#### Problem statement
The answer must consist solely of the lines from the line with "Դեսպան Հարությունյանի հանդիպումը" to the end of the data below, transcribed exactly and with no pictures.

#### Supplied data
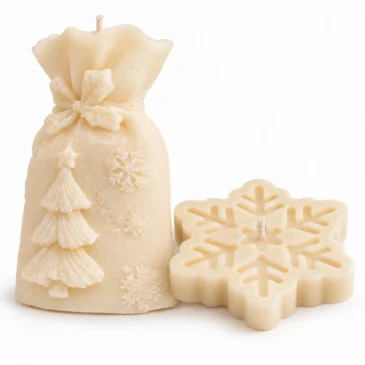 scentulp-sneeuwstilte-01-product Sneeuwstilte van Scentulp: ivoorkleurige cadeauzakkaars met kerstboom en sneeuwvlokkaars.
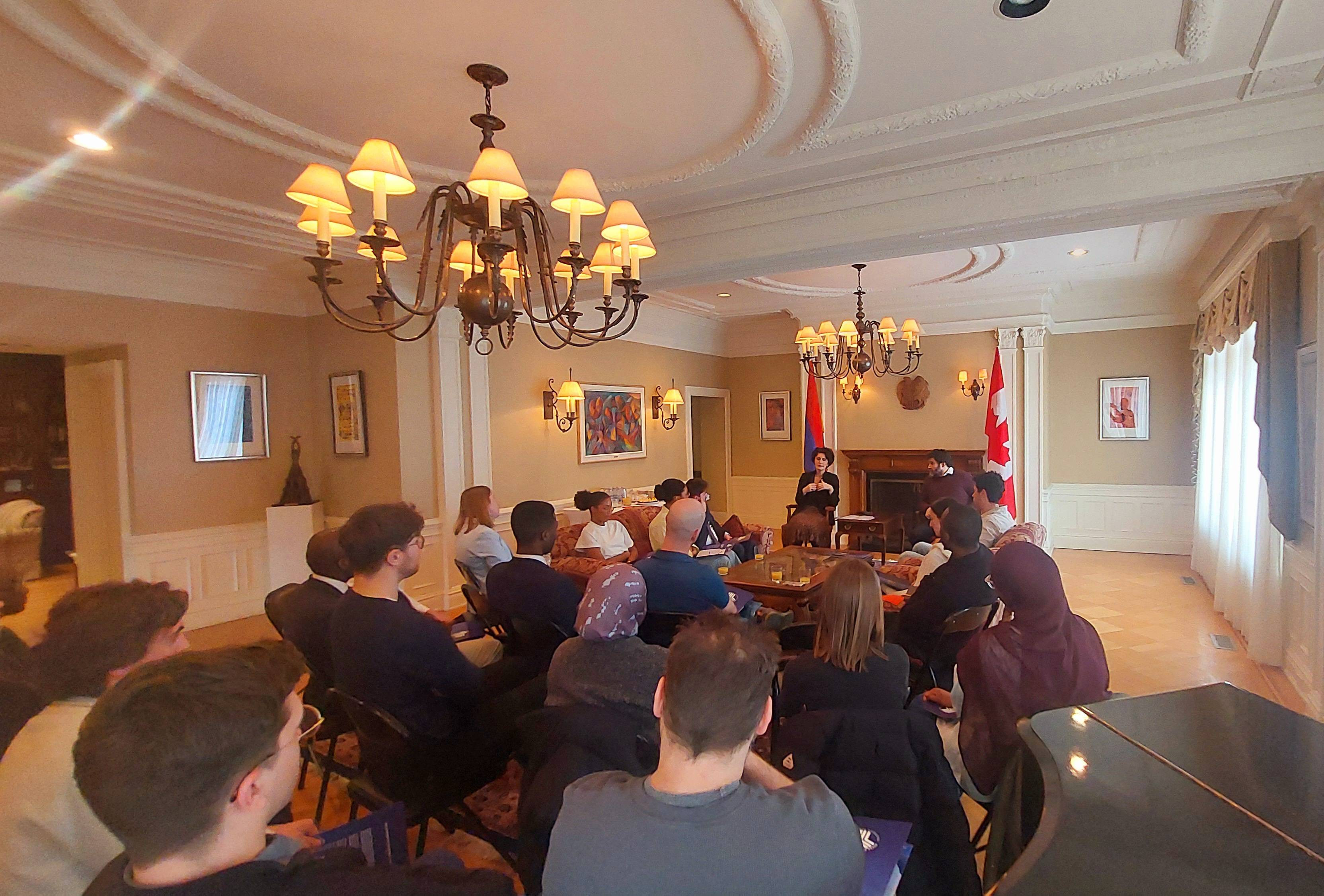 Դեսպան Հարությունյանի հանդիպումը Օտտավայի համալսարանի ուսանողների հետ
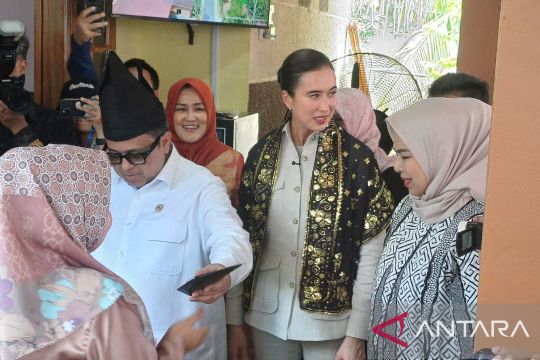 Kunjungan Menteri Pariwisata di Pulau Penyengat Page 3 Small
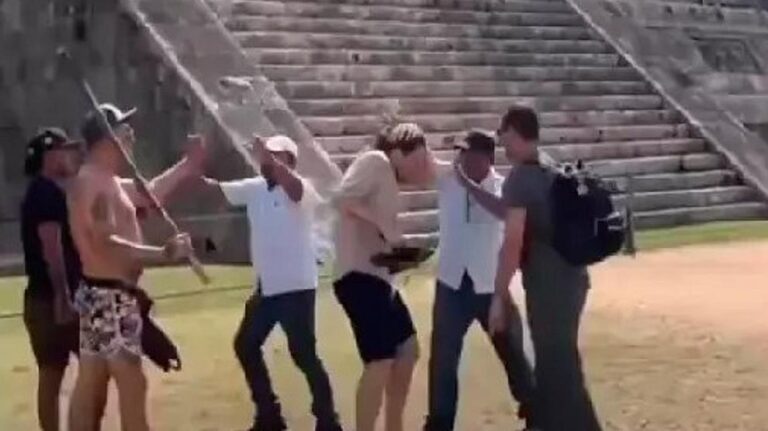 Agreden con palos a turista polaco que subió al Castillo de Chichén Itzá en México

#### Exercise result
 Դեսպան Հարությունյանի հանդիպումը Օտտավայի համալսարանի ուսանողների հետ
 Kunjungan Menteri Pariwisata di Pulau Penyengat Page 3 Small
 Agreden con palos a turista polaco que subió al Castillo de Chichén Itzá en México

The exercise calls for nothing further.